[HN Gopher] Web Browser Engineering
       ___________________________________________________________________
        
       Web Browser Engineering
        
       Author : djoldman
       Score  : 331 points
       Date   : 2021-10-17 17:33 UTC (2 days ago)
        
 (HTM) web link (browser.engineering)
 (TXT) w3m dump (browser.engineering)
        
       | butz wrote:
       | Neat, but what about integrating widevine support?
        
       | simonw wrote:
       | I was interested to see that this uses the DukPy wrapper around
       | Duktape for the JavaScript interpreter:
       | https://browser.engineering/scripts.html
       | 
       | This made me start digging into whether this was considered a
       | "safe" way of executing untrusted JavaScript in a sandbox.
       | 
       | It's not completely clear to me if DukPy currently attempts safe
       | evaluation - it's missing options for setting time or memory
       | limits on executed code for example:
       | https://github.com/amol-/dukpy
       | 
       | There's a QuickJS Python wrapper here which offers those limits:
       | https://github.com/PetterS/quickjs
       | 
       | I'm pretty paranoid though any time it comes to security and
       | dependencies written in C, so I'd love to see a Python wrapper
       | around a JavaScript engine that has safe sandbox execution as a
       | key goal plus an extensive track record to back it up!
        
         | ameliaquining wrote:
         | If you want battle-hardened, I figure you can't do better than
         | V8. Here's a Python wrapper that I've poked at a bit (it's not
         | quite 100% feature-complete but it seems to essentially work):
         | https://github.com/sqreen/PyMiniRacer
        
           | simonw wrote:
           | That looks really good - especially how they've managed to
           | bundle a pre-compiled v8 into a 4MB Python wheel:
           | https://blog.sqreen.com/embedding-javascript-into-python/
           | 
           | The time limit and memory limit support looks good too: https
           | ://github.com/sqreen/PyMiniRacer/blob/f7b9da0d4987ca7d1...
        
         | devwastaken wrote:
         | I don't see any specific claims on isolation/memory safety or
         | safety in general on duktapes page. Both V8 and spider monkey
         | actively fix new JS vulnerabilities, and V8 isolates are used
         | in the wild to success. Cloudflare workers is an example.
        
       | ngai_aku wrote:
       | Awesome to see this here! The course that accompanied this
       | textbook was among my favorites
        
       | eatonphil wrote:
       | I can't wait for Browser Engineering to show up as a university
       | course a la compilers, operating systems, networks, etc.
        
         | amelius wrote:
         | A browser is basically an operating system inside an operating
         | system.
         | 
         | The funny thing is we can have the MINIX microkernel
         | discussions all over again :)
        
           | gnull wrote:
           | Looking at the book's table of contents, I disagree. Browsers
           | may resemble OSes by the size of the code base or by the
           | amount of optimization involved, or by their importance for
           | the modern world, but not by the types of technologies
           | involved. I doubt the Browsers course will intersect a lot
           | with OSes course.
           | 
           | EDIT: Reading you comment again I suspect you might have been
           | joking :)
        
             | groby_b wrote:
             | Which part of OSs do you expect not to be covered?
             | 
             | There's IPC. There's memory management. There's process
             | management. There's network management. There's security.

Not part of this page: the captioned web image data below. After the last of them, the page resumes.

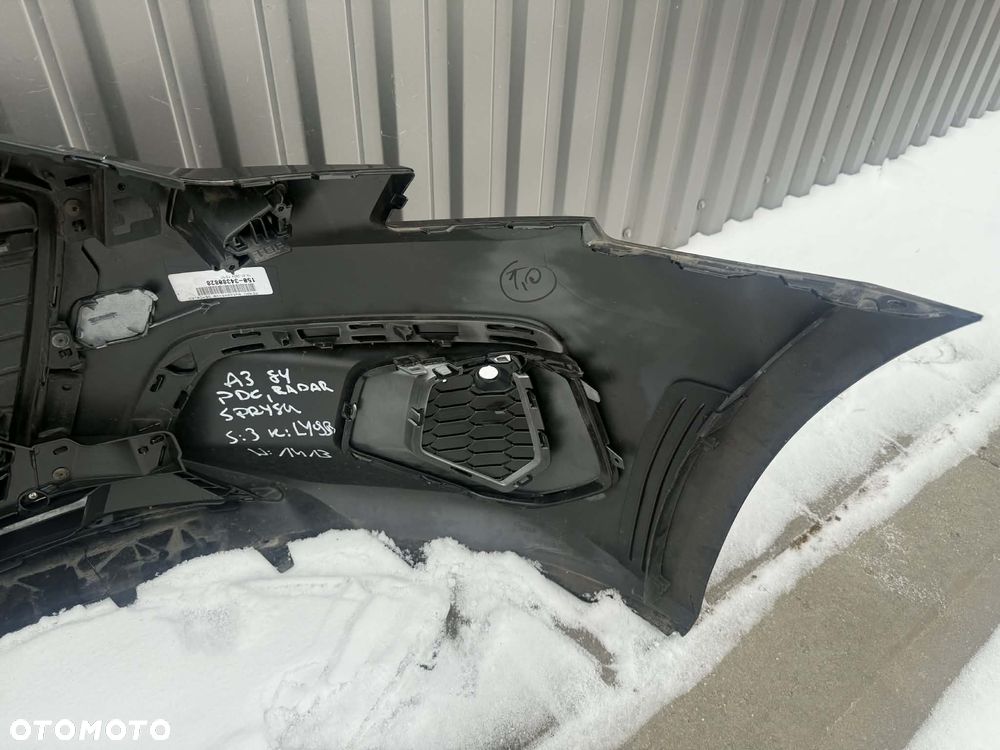 Audi A3 8Y Zderzak Przód Przedni PDC. Sprysk. Radar 20-24 LY9B - 9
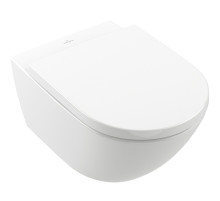 Унитаз Villeroy&Boch Subway 3.0 4670TS01 подвесной с сиденьем Микролифт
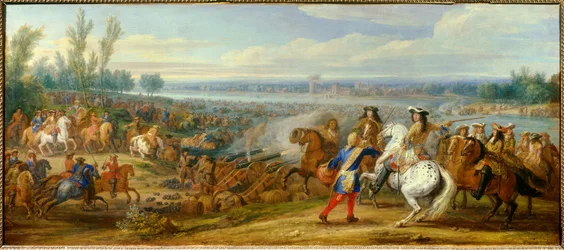 Il passaggio del Reno il 12/06/1672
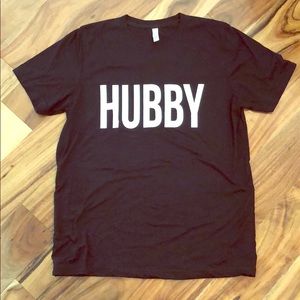 “Hubby” mens shirt
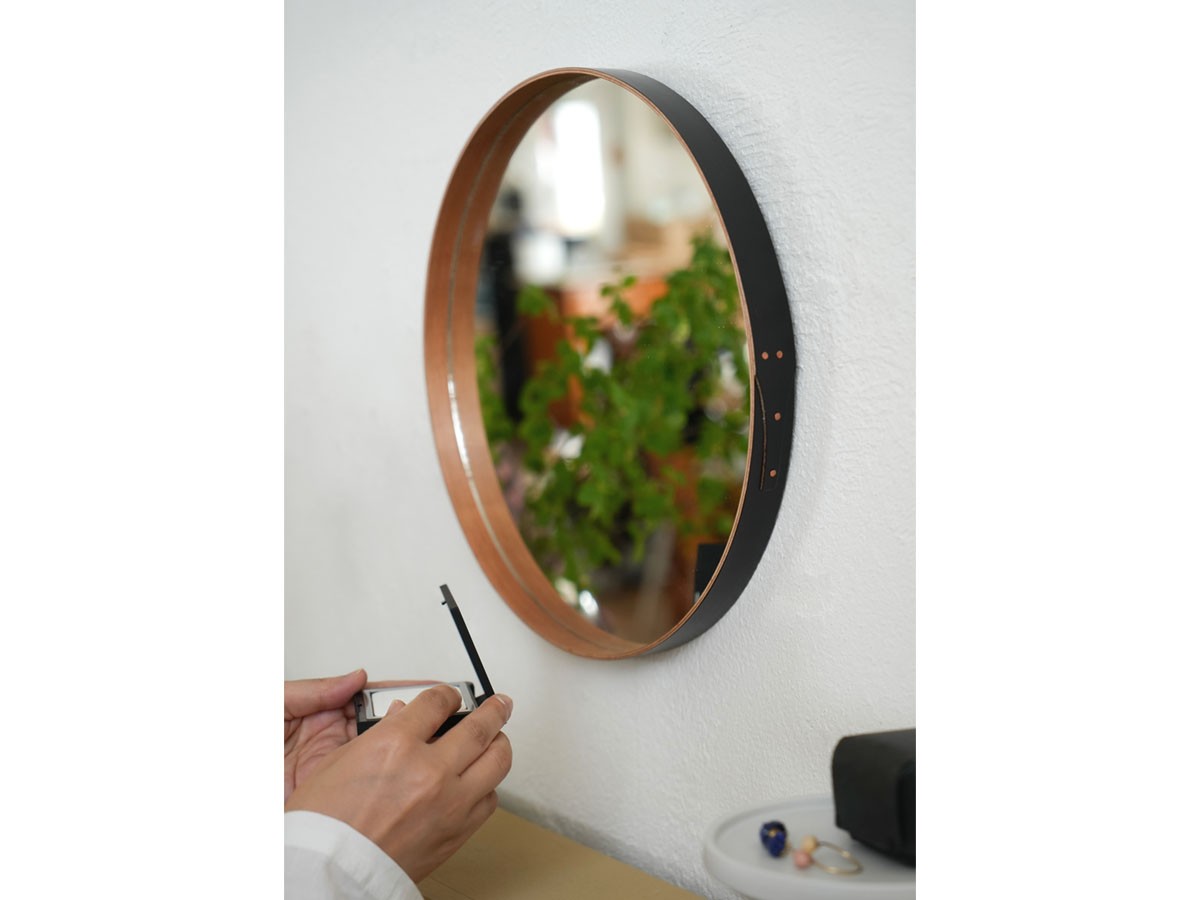 Shaker Round Mirror / シェーカーラウンドミラー 320 （ミラー・ドレッサー > 壁掛けミラー・壁掛け鏡） 4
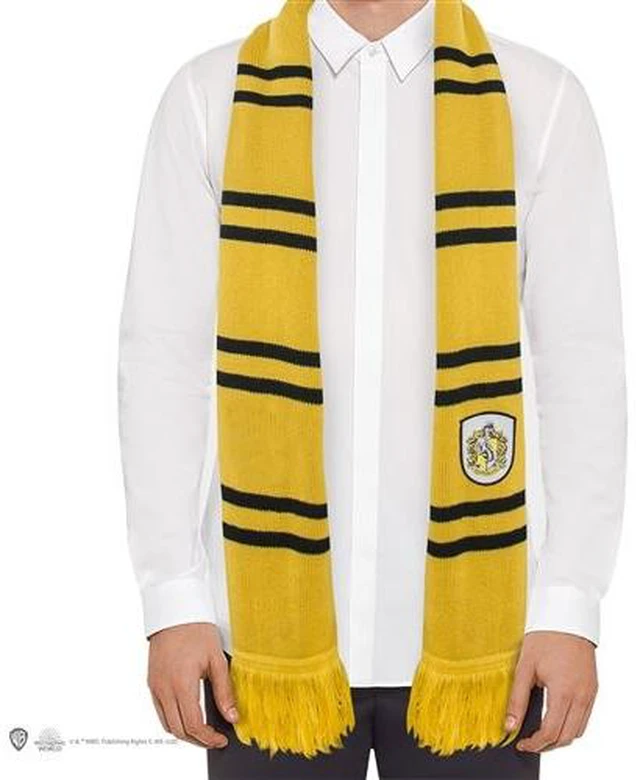 Main image of Scarf Breath Harry Potter Cinereplicas Yellow and black 190 cm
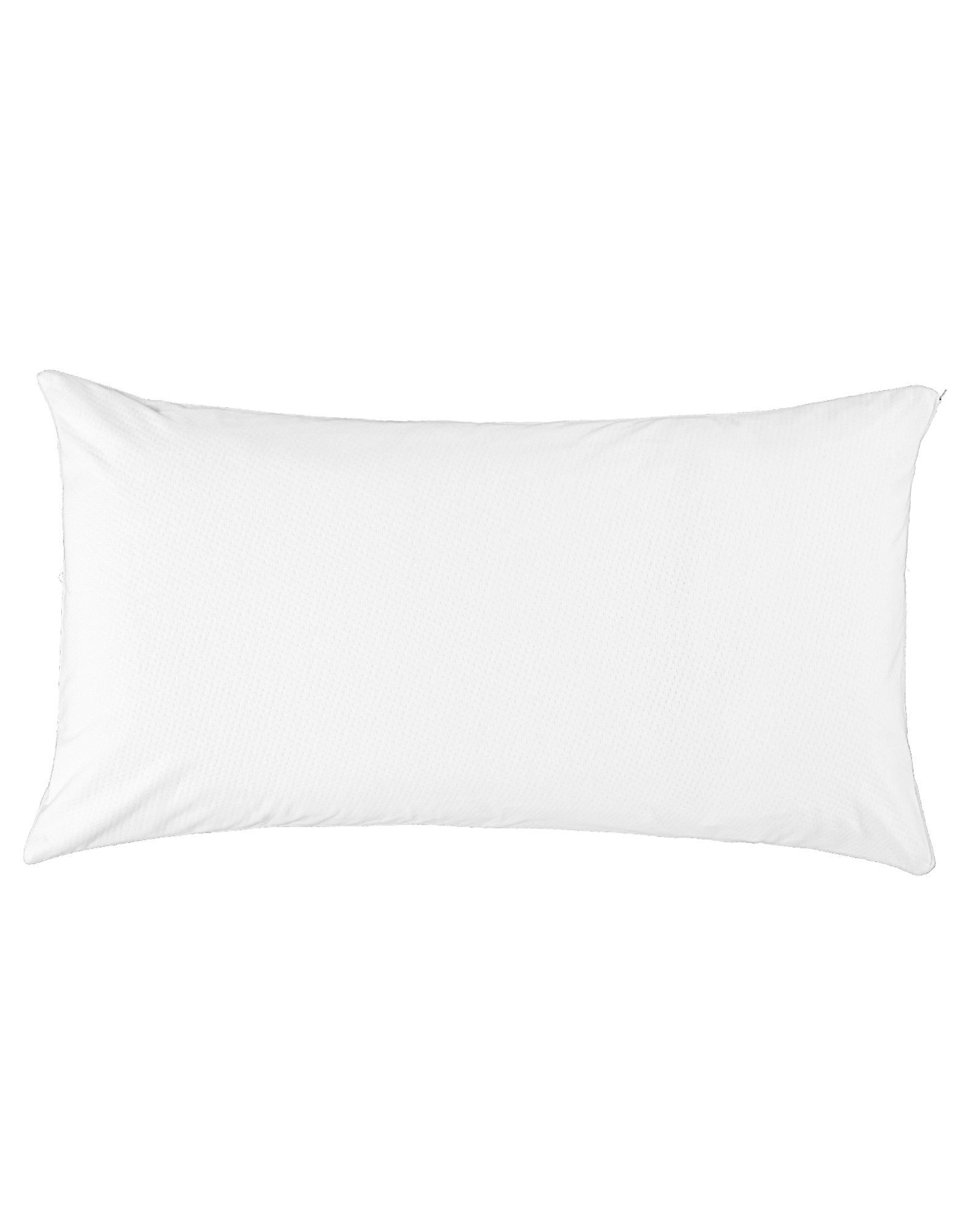 Capa Travesseiro Malha Maison Lisa 50x70cm Branco Buddemeyer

             | There's device management.
             | 
             | They all happen at a slightly higher layer, but they all
             | exist similar to an OS. (I'm not sure if the higher layer
             | makes it easier or harder to understand - but in terms of
             | what you need to know, an OS class or three is definitely
             | helpful)
        
               | gnull wrote:
               | > IPC, memory management, process management, network
               | management.
               | 
               | I imagine the non-trivial parts of these are done for the
               | JS VM (correct me if I'm wrong), and therefore a VM
               | design course would have more intersection with Browsers
               | with respect to these disciplines than an OS course.
               | 
               | > security
               | 
               | This one is everywhere, it has no special connection to
               | OSes.
               | 
               | > They all happen at a slightly higher layer
               | 
               | Slightly?! That's an understatement of the week! The
               | difference in abstraction levels is huge here and the
               | specifics of the two levels are very, very different.
               | 
               | > in terms of what you need to know, an OS class or three
               | is definitely helpful
               | 
               | Sure. But I think it's as useful as any systems
               | programming course. I can agree that systems programming
               | is a good preliminary for both Browsers and OSes, and
               | learning either of the two will teach you a good deal
               | about systems programming, but I doubt they will repeat
               | each other.
        
               | groby_b wrote:
               | These are all part of the browser outside the VM too.
               | 
               | Multi-process architecture requires you to think deeply
               | about IPC.
               | 
               | Memory management is all over the place - there isn't a
               | browser without custom allocators, investment into GC,
               | etc.
               | 
               | Process management -> see multi-process architecture.
               | 
               | Network management: Browsers need to handle a tremendous
               | amount of network issues. I mean... that's what they do.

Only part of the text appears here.